Labels are central to the politics of media. And no label has been more powerful than “terrorist.”
A single standard of language should accompany a consistent standard of human rights, which the world desperately needs. “If thought corrupts language,” George Orwell wrote, “language can also corrupt thought. A bad usage can spread by tradition and imitation, even among people who should and do know better.”
No amount of rhetoric from its defenders and apologists can change the reality that Hamas engaged in mass murder. What Hamas horrifically did to more than 1,000 Israeli civilians of all ages two weeks ago meets the dictionary definition of terrorism.
And no amount of rhetoric can change the reality that the Israeli government has engaged in mass murder during the last two weeks. What Israel’s military is horrifically doing in Gaza, already killing several thousand Palestinian civilians of all ages, also meets the definition of terrorism.
But U.S. media outlets dodge being evenhanded with the “terrorist” label — applying it to organized Palestinian killers of Israelis and not to organized Israeli killers of Palestinians.
The routine media bias does not in any way mitigate the horrendous crimes committed by Hamas in Israel. And that media bias does not in any way mitigate the horrendous crimes that are being committed — on an even larger scale, increasing daily — by the Israeli government in Gaza.
By any consistent standard, if referring to Hamas as a terrorist organization, then the same description fits the Israeli government. But such balanced candor is absolutely intolerable in the mainstream media and politics of the United States. It would be too honest. Too real.
Terrorists and their defenders always have excuses when tactics include ruthlessly killing civilians. But we’re choking on a nonstop supply of smoke-blowing rhetoric — what Orwell called political language “designed to make lies sound truthful and murder respectable.”
Some have contended that the word “terrorist” should be excluded from news accounts because it can be subjective. Although ignored or derided soon after 9/11, Reuters news service explained its policy this way: “Throughout this difficult time we have strictly adhered to our 150-year-old tradition of factual, unbiased reporting and upheld our long-standing policy against the use of emotive terms, including the words ‘terrorist’ or ‘freedom fighter.’ We do not characterize the subjects of news stories but instead report their actions, identity or background.”

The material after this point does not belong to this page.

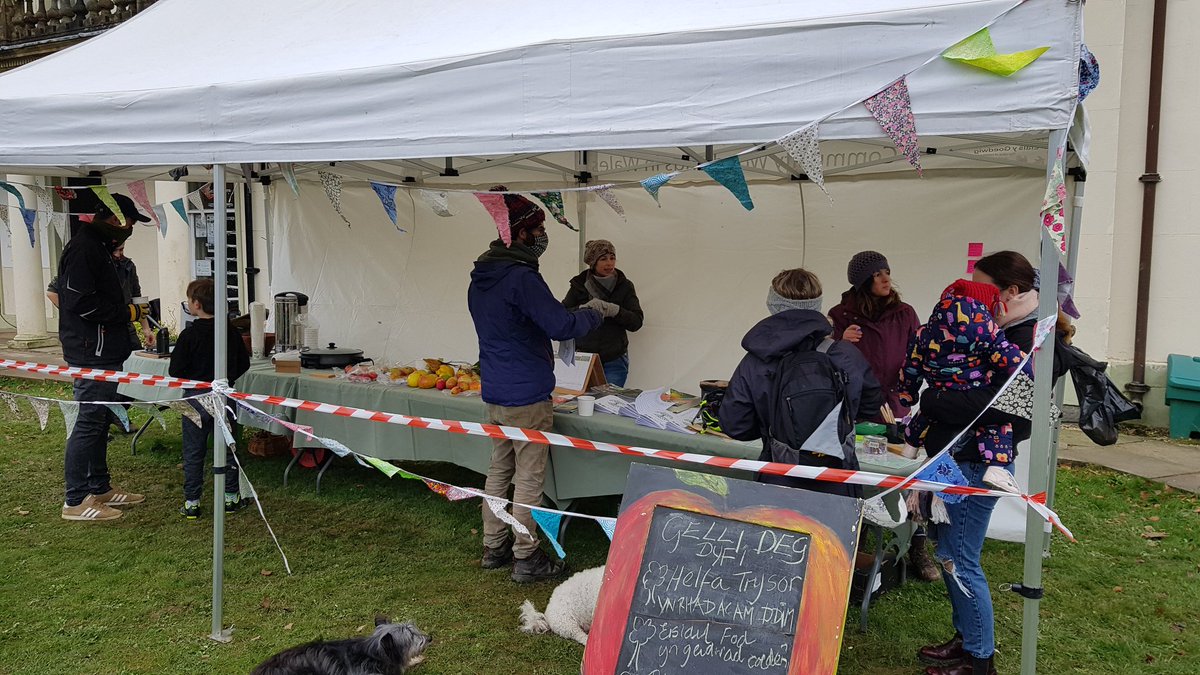 Llais_yGoedwig's tweet image. #TreeCharter heddiw.  Talking to residents about planting up a food forest in #machynlleth
Planting for the future.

But that media stance is an outlier. We seem to be stuck with the “terrorist” word. Ending the routinely slanted, selective use of the “t” word would be a real improvement; more realistically, we should recognize and reject its flagrantly skewed usage. It functions in sync with an array of tilted reporting patterns.
Since the latest Israeli assault on Gaza began, U.S. news outlets have constantly used euphemistic words like “strike,” “hammer,” “pressure” and “retaliate” to blur the real meaning of what it has meant to human beings when a very densely populated area is attacked with thousands of large bombs. Vivid reporting has occurred at times, but the overwhelming bulk of coverage of the Israeli government’s wide-ranging terrorism has been abstracted in ways that coverage of the Hamas terrorism has not been.
One factor that makes the blurring easier: The Hamas atrocities were mostly up close, with the murderers and murdered often facing each other, whereas the Israeli atrocities have been committed from high in the air, as if above it all. While international media outlets like Al Jazeera English and the U.S.-based program Democracy Now! have consistently provided extraordinary, high-quality, heart-rending reportage about the carnage and terror in Gaza as well as in Israel, such humanely equitable reporting has been extremely rare in mainline U.S. media outlets.
Americans have been acculturated to assume, consciously or not, that killing people with high-tech weaponry from the air is a civilized way to go about the business of war, if the U.S. or its allies are doing it, in sharp contrast to low-tech efforts of adversaries. This is an outlook from a privileged vantage point, far from those on the receiving end of “sophisticated” firepower coming from, or backed by, the U.S. government.
Apologists for Israel point out that Hamas targets civilians and Israel does not. That is a distinction without a difference for the people killed, maimed and terrorized by the Israeli military — commanded by leaders who know damn well that Palestinian civilians will be massacred. The cover story of not “targeting” civilians is a comfortable rationalization for the slaughter of civilians while righteously denying the reality.
Overall — given the extreme pro-Israel, anti-Palestinian spin of U.S. mass media — evenhanded use of the “terrorist” label is highly unlikely. But we should strive to challenge the biases at work and the deadly consequences.